### Task
Repeat everything in the data exactly except images.

(Available data begins)

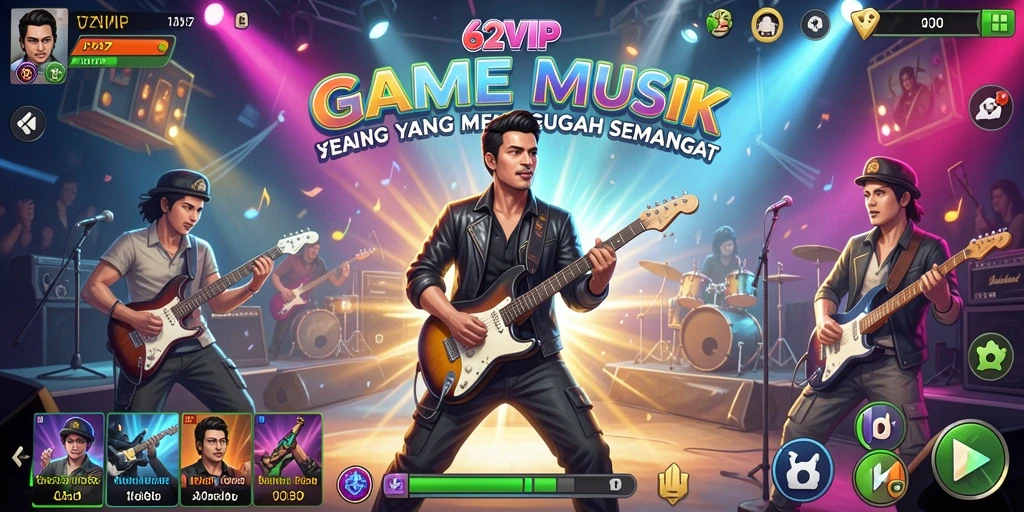 Tampilan gameplay <strong>62VIP</strong> yang memukau dengan fitur interaktif.
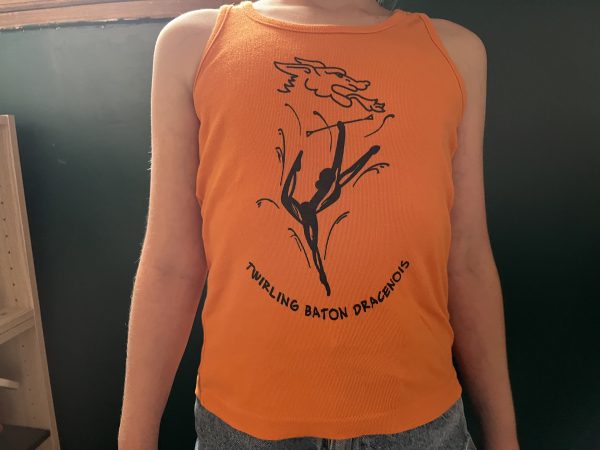 Le débardeur du club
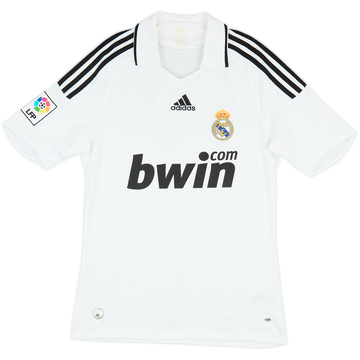 2008-09 Real Madrid Home Shirt - 7/10 - (S)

(Available data ends)

### The answer
 Tampilan gameplay <strong>62VIP</strong> yang memukau dengan fitur interaktif.
 Le débardeur du club
 2008-09 Real Madrid Home Shirt - 7/10 - (S)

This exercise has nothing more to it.